TeXes Science Practice Test

In the context of reaction rate, what does the slope of a graph showing Ln k versus 1/T represent?

• A. R/Es
• B. -Ea/R
• C. k/R
• D. A/R

The correct answer is: -Ea/R

The slope of a graph plotting the natural logarithm of the rate constant \( k \) against the inverse of temperature \( 1/T \) represents the negative value of the activation energy \( E_a \) divided by the universal gas constant \( R \). This relationship is derived from the Arrhenius equation, which describes how the rate constant \( k \) of a chemical reaction depends on temperature. The Arrhenius equation is commonly expressed in the form: \[ k = A e^{-E_a/(RT)} \] Taking the natural logarithm of both sides gives: \[ \ln k = \ln A - \frac{E_a}{R} \cdot \frac{1}{T} \] From this, it becomes evident that when \( \ln k \) is plotted against \( 1/T \), the slope of the resulting linear graph is \(-\frac{E_a}{R}\).

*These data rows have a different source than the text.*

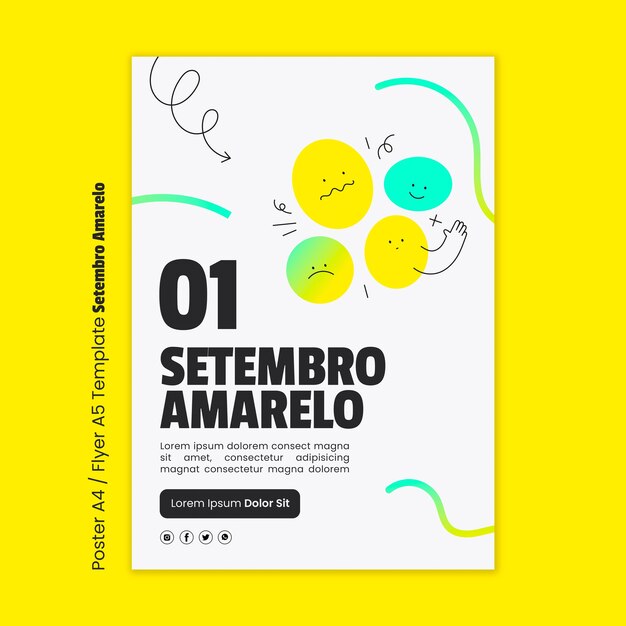 Vertical poster template for brazilian suicide month prevention awareness campaign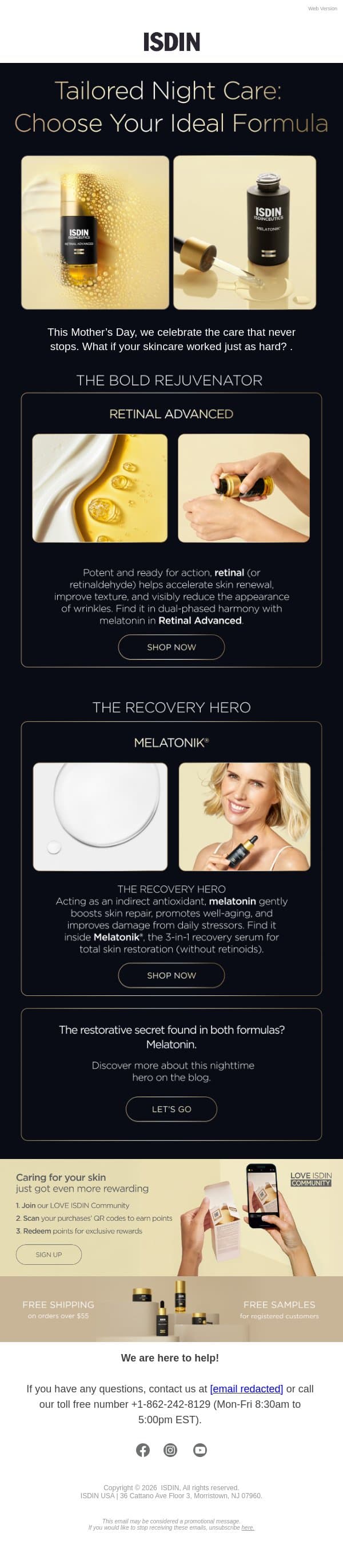 ✨Celebrate this Mother's day with retinal and melatonin email from ISDIN screenshot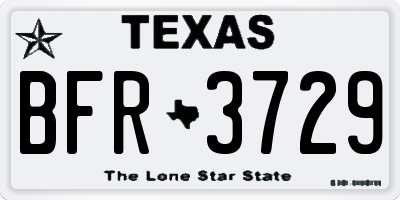 TX license plate BFR3729
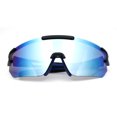 thumbnail image 1 of Mens Color Mirror Polarized Plastic Sport Wrap MTB Plastic Sunglasses Black Blue - Blue Mirror, 1 of 9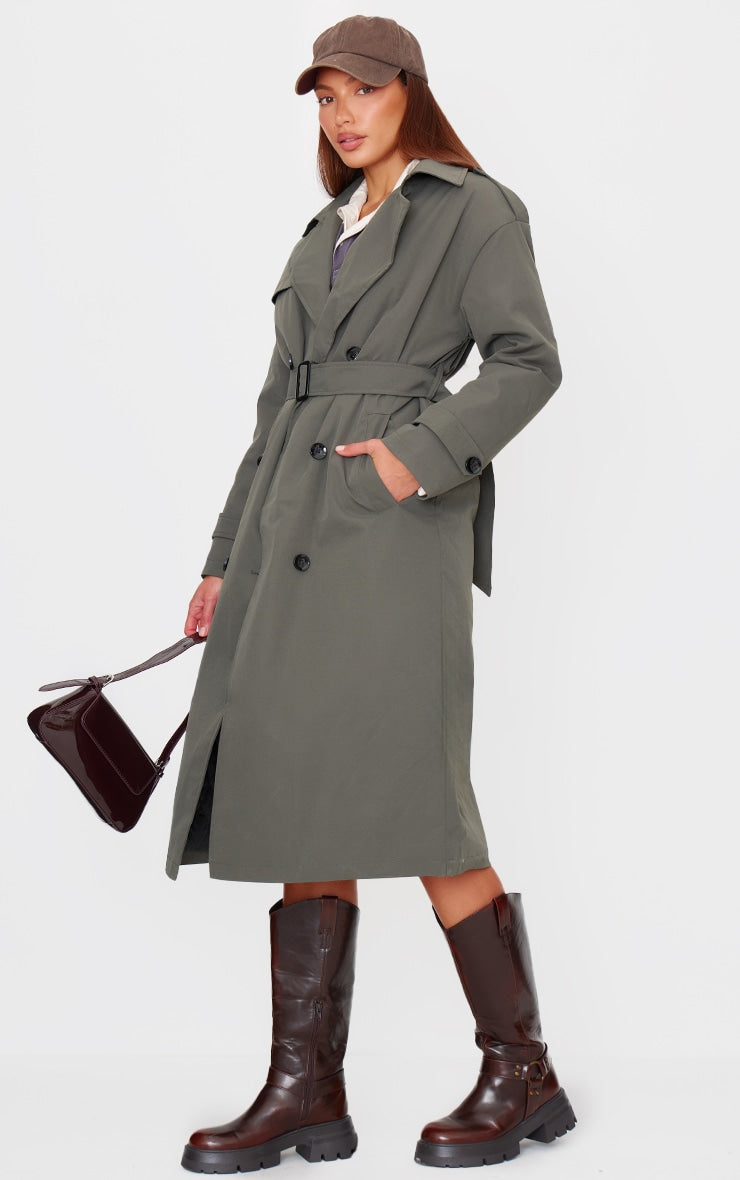 Khaki Woven Quilted Lining Trench Coat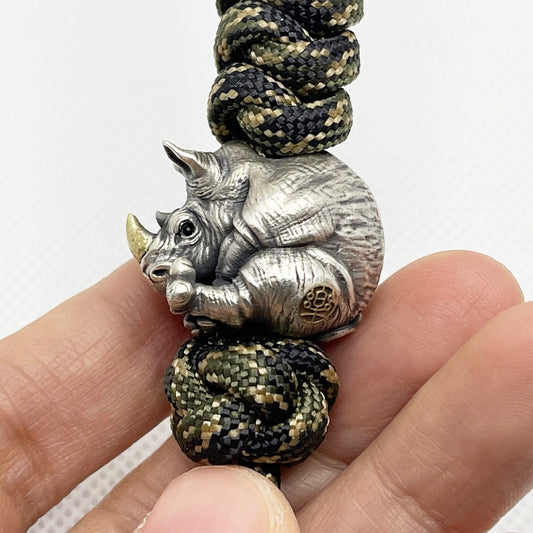 Paracord Bead "Rhinoceros true-life style" knife bead-lanyard bead-EDC bead-animal bead-gift for men-bracelet bead paracord bracelet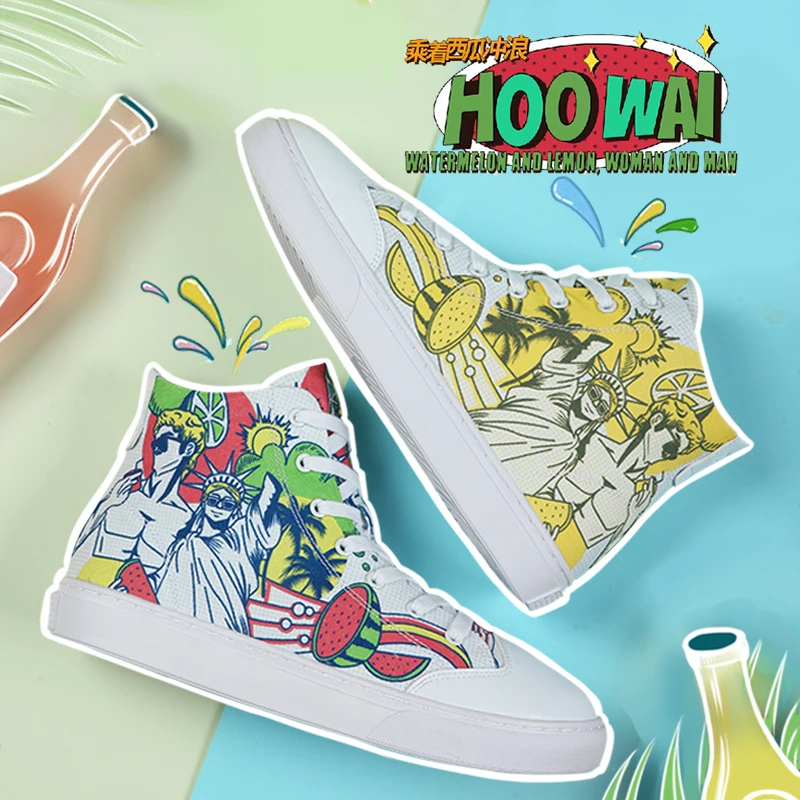 
IDX Hot Sale High Top Flower Printed Casual For women Canvas Shoes Sneakers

This means that the slope indicates how changes in temperature influence the rate constant, with a steeper slope signifying a higher activation energy for the reaction. Understanding this relationship is crucial in physical chemistry, as it allows researchers to infer the activation energy needed for a reaction to proceed based on experimental data.